Containerboard Europe – In the US, November box shipments as well as the containerboard production and delivery numbers were among the most positive this year with a small increase shown against 2010 data. In Europe, market weakness persists with the deterioration of the general economic environment. Longer-than-normal Christmas time production stoppages were seen and other market-related downtime is planned to be taken during Q1 2012 in order to reduce the present over-capacity problem. The Russian entry to WTO – presumably in June 2012 – includes a reduction of import duties also in containerboards but, according to RISI, only after a 3-4 year transition period.
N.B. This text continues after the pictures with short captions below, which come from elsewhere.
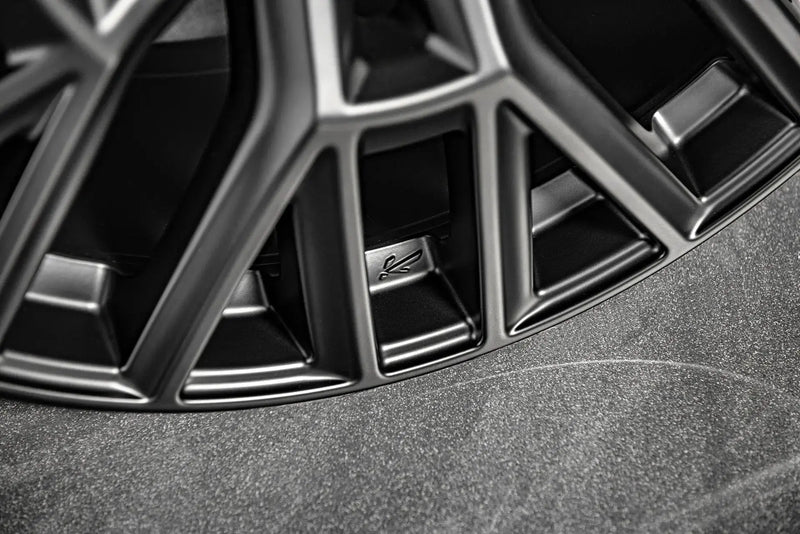 Land Rover Defender (2020 Onwards) Alloy Wheels - RS 3.0 - Image 24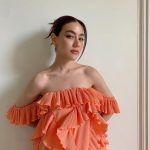 Kimberly Ann Voltemas Instagram - จะปลากัดหรือปะการังดี? 🧡🪸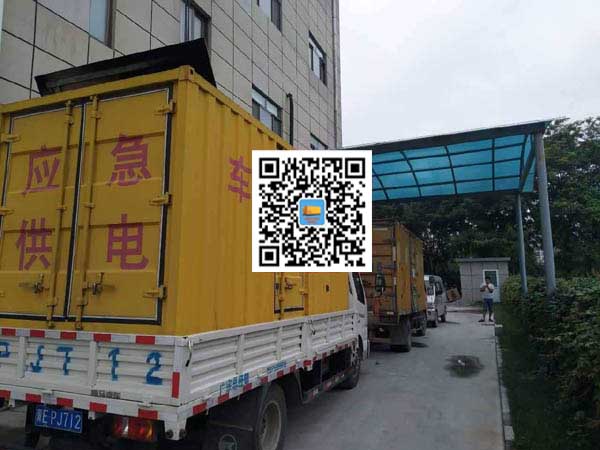 子洲发电机出租-上柴发电机组的油耗会出现什么原因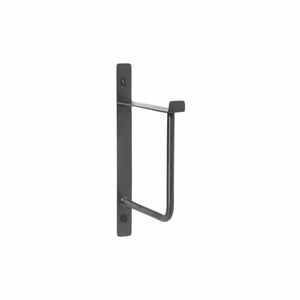 Hang Rack | Knage i Sortoxideret Messing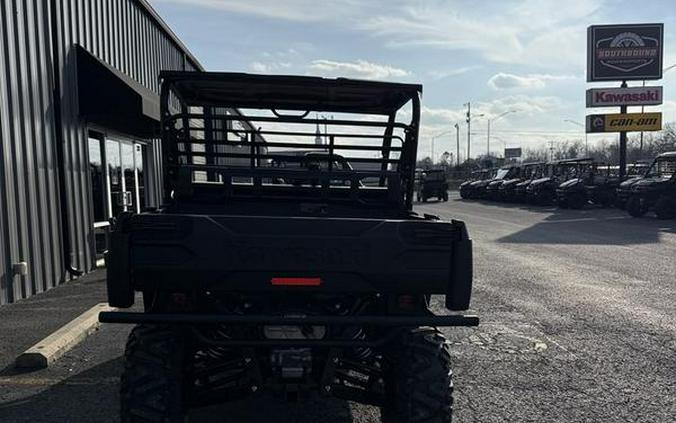 2026 Kawasaki Mule PRO-FXR™ 1000 LE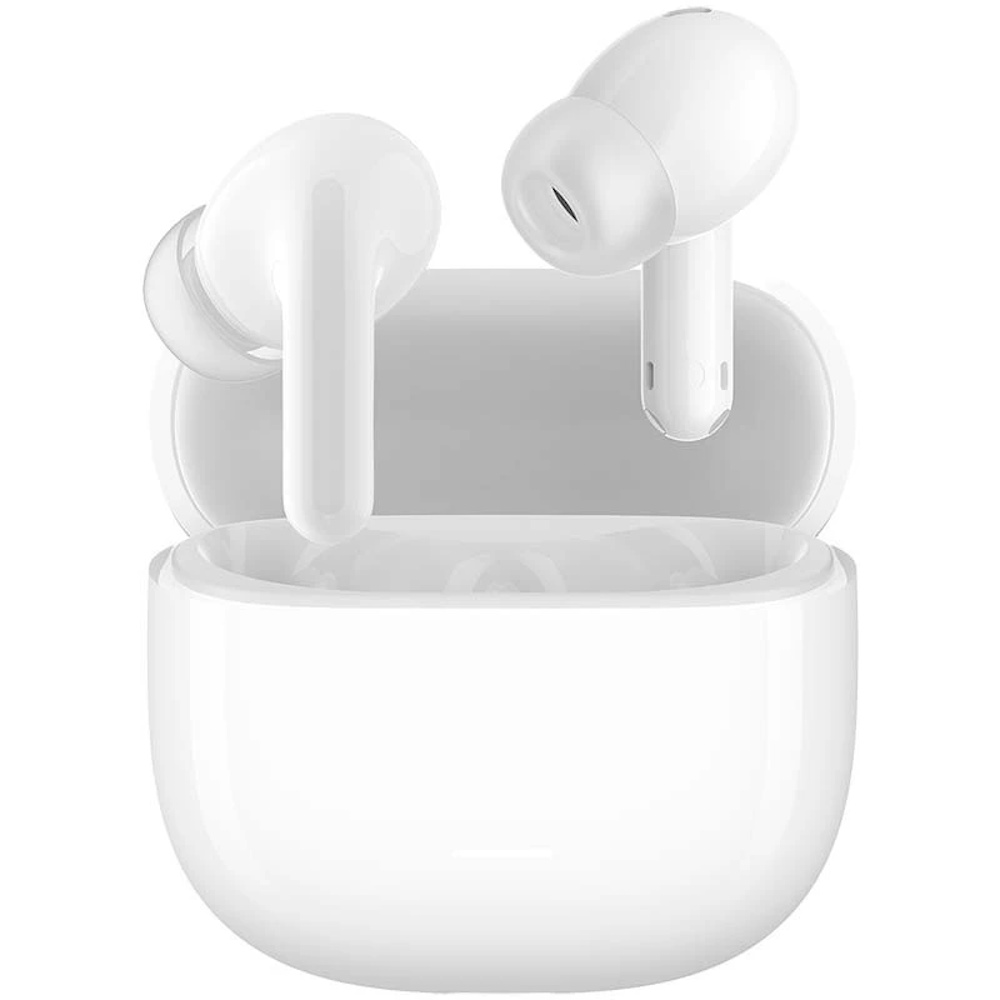 Xiaomi Redmi - Earphone - Wireless - Redmi Buds 6 Lite White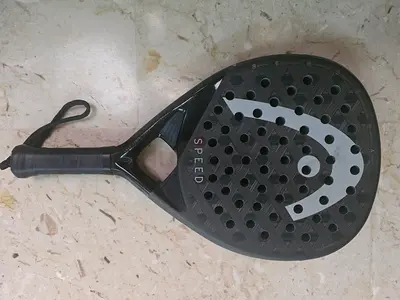Head Speed Pro 2025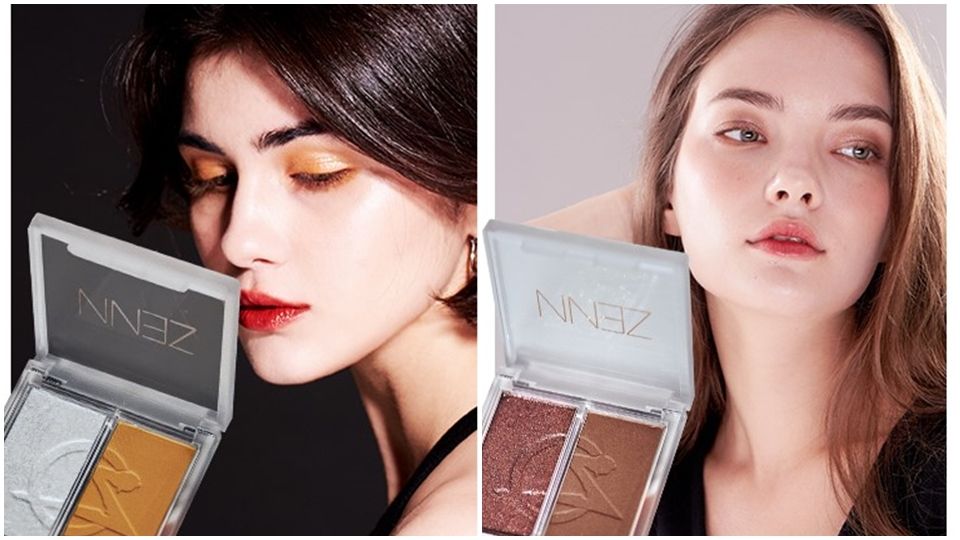 zenn什么產(chǎn)品值得購(gòu)買(mǎi) 泰國(guó)火爆平價(jià)彩妝zenn明星產(chǎn)品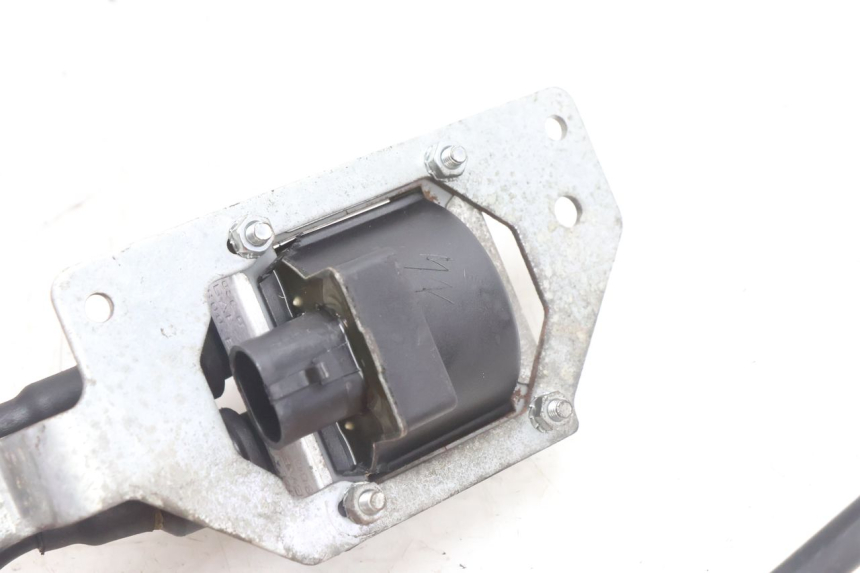 photo de ZÜNDSPULE PIAGGIO MP3 500 (2016 - 2018) - Oberflächenzustand und Material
Further reductions in fibre prices continue to exert downside pressure on the containerboard prices across Europe. The currency movements had a mixed impact. Euro weakened by 0.9% against the USD but strengthened by about 0.3% against the weighted basket of the non-EMU currencies. Almost all of our packaging benchmarks registered further decreases but this time the retreats were quite limited. The PIX Kraftliner index retreated by 7 cents, or by 0.01%, to 535.07 EUR/ton. The PIX White-top Kraftliner index moved down by 1.39 euro, or by 0.18%, and closed at 772.08 EUR/ton. Our PIX Testliner 2 index showed no change whatsoever and remained thus at 440.85 EUR/ton. PIX Testliner 3 index fell by 10 cents, or by 0.02%, and landed at 407.64 EUR/ton. Our PIX RB Fluting index declined by 7 cents, or by 0.02%, to 394.01 EUR/ton.
Recovered paper Europe – The reductions in the consumption of printing and writing papers, in containerboards and some other key recovered paper end-use grades, cut into the supply potential of recovered paper. The demand fall precedes, however, the supply losses leading often to a temporary over-supply of recovered paper in the early phase of an economic downturn. This is, once again the situation in Europe. The relatively active imports of recovered paper by China and the other Asian markets have not fully compensated for the losses in the Western European market. This oversupply, coupled with the weaknesses in the end-product pricing have meant a long down-hill slide of the recovered paper prices. In the beginning of the year 2012, prices of recovered paper, which rose substantially during the early months of 2011, are now well below the early January 2011 levels, in OCC by 12% and in ONP/OMG by 15%.
The PIX OCC 1.04 dd benchmark lost just 1 cent, or 0.01%, and closed at 109.78 EUR/ton. The price gaps narrowed slightly in most cases. Against Testliner 2, the gap, however, widened by 1 cent to 331.07 EUR/ton. Against Testliner 3, the differential narrowed by 9 cents to 297.86 EUR/ton. Against RB Fluting, the gap shrank by 6 cents to 284.23 EUR/ton.
Our PIX ONP/OMG 1.11 dd index retreated by 2 cents, or by 0.02%, landing at 129.65 EUR/ton. As the PIX Newsprint benchmark inched up, the differential to PIX ONP/OMG 1.11 widened by 9 cents to 383.69 EUR/ton.